We've Decided to Buy a Home!!
(San Angelo, TX, USA)
Your article on whether military families should rent or buy a home
was so comforting to read. It's awesome that I could get a cut-and-dry answer on whether we should buy or not.
It is an absolutely perfect time for us to buy a home.
1) VA home loan
interest rates are incredible
2) it's truly a long-term investment, and
3) it's the perfect way to raise our children for the next 3 to 4 years.
We have been researching for the last 3 months on whether to rent or buy a home (we decided on buying), the last month narrowing down where we want to buy, and next week I'm going to our next duty station to see some homes and hopefully sign a contract!

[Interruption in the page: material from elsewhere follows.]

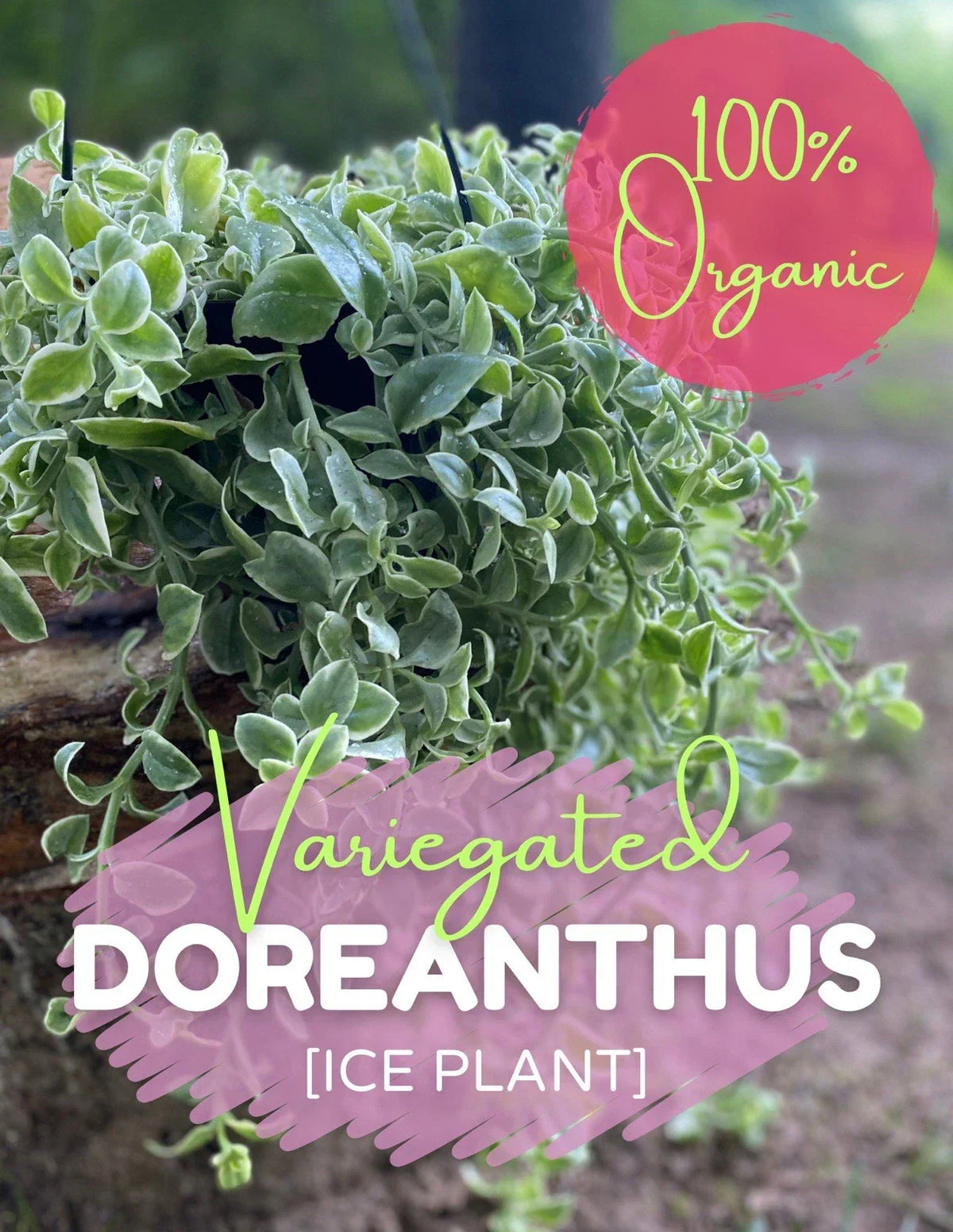 Variegated Ice Plant Cutting, Organic Dorotheanthus, Succulent Live Rooted Plant, Drought Tolerant, Free Shipping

Thanks for sharing your insight.
Thank you for sharing your comments. We hope you'll come back to this page and post your updates as you buy your home, and share your experiences as a military homeowner with our readers.
First, though, let me caution you about interpreting our previous article (linked above) as a cut-and-dry answer about whether military families should rent or buy a home at any particular duty station.
Consider All the Factors
While the article is generally positive about the benefits of home ownership for military families, it also cautions you to consider a number of factors before making your decision. And it points out some of the pitfalls of owning a home, which can be made more difficult because of military service.
Unlike other families, those in the service don't have as much control over when to sell a home. If you get transferred when the market is down, as it is now, it may be difficult for you to break even after costs of selling are paid.
In that event, you may need to decide whether you are comfortable in the role of long-distance landlord, or if you would rather sell and possibly take a loss.
Evaluate the Financials Realistically
Be sure you're taking a realistic look at the financial aspects of the deal, and are prepared to deal with unanticipated events. (Maintenance and repairs are not unanticipated, so be sure you have a reserve to cover them.)
If you can learn to evaluate the financial aspects of the purchase unemotionally, and treat it as a business deal, you'll be less likely to overlook problems or pay too much.
Don't be Blinded by Love
One more thing: Although you'll need to like the house to enjoy living in it, try not to get caught up in the emotional aspect of "falling in love" with the house. Many home buyers have made unwise choices that way.
Once you "fall in love with the house," you'll have a tendency to overlook flaws or potential problems, or at least minimize them in your own mind in an attempt to justify your purchase. You're also likely to pay more than you should just to be sure you get the house.
Will you Rent it When You Move?
If you think you will want to keep the house as rental property when you move, make sure your mortgage payment will be low
enough that rent will cover it, plus pay for property management (figure 10%), plus a repairs and maintenance reserve. And you may want to pay for landscaping if the rent will cover it, because tenants rarely take good care of landscaping.
As we discussed in the earlier article, you may still come out ahead even if you have to take a slight negative, but you should never go into a deal planning on a negative cash flow.
Take Advantage of Low Fixed-Rate Loans
As you pointed out, mortgage rates are at a 50-year low. So be sure you take advantage of that by obtaining a fixed-rate mortgage to lock in the low rate for the life of the mortgage.
Don't be lured into the trap of getting a variable-rate mortgage for an even lower interest rate, because when rates start back up, your payments will increase. It will be much safer to lock in a fixed rate now, while the rates are so low.
Some people recommend that if you can afford it, you get a 15-year mortgage, because you'll pay much less in interest over the life of the loan. I personally don't recommend that option, especially for military families, who will most likely sell the home after a few years anyway.
Stay in Control of Your Payments
My recommendation is that you get a 30-year fixed loan, and if you want to pay it off faster, just pay an extra $100 a month. If $100 a month is more than you can afford, then just pay an extra principal payment each month. Your amortization schedule will show the amount of principal.
Using this plan, if something unexpected happens and you find yourself in a financial hardship, you won't be locked into the higher payment. Instead of having to re-negotiate your loan, or risk falling behind on the higher payments, you'll have the freedom to drop back to the lower minimum mortgage payment without any hassle till your finances recover. Then you can start paying extra again if that's your choice. But you're in control.
In the early years of your mortgage, almost all the payment goes toward interest. Only a very small amount (sometimes only $15-20 or so) goes towards principal in the first payments. The interest is figured on the remaining principal balance, so if you can pay an extra $100 a month in the beginning towards reducing principal, the amount you're paying interest on will decrease a lot faster. Very few people ever stop to think about it.
And if you've paid down your principal faster, you've also built equity faster, which will help you be able to sell without out-of-pocket costs, even if the market isn't great.
One of the things your mortgage company will insist on is homeowner's insurance, and it will most likely be paid through your mortgage escrow account. We highly recommend USAA homeowner's insurance for military families.
So, Andrea, keep us posted on your home-buying journey, and good luck. We hope you find a home that meets your family's needs, is affordable, and, after you've determined that, one that you can also fall in love with.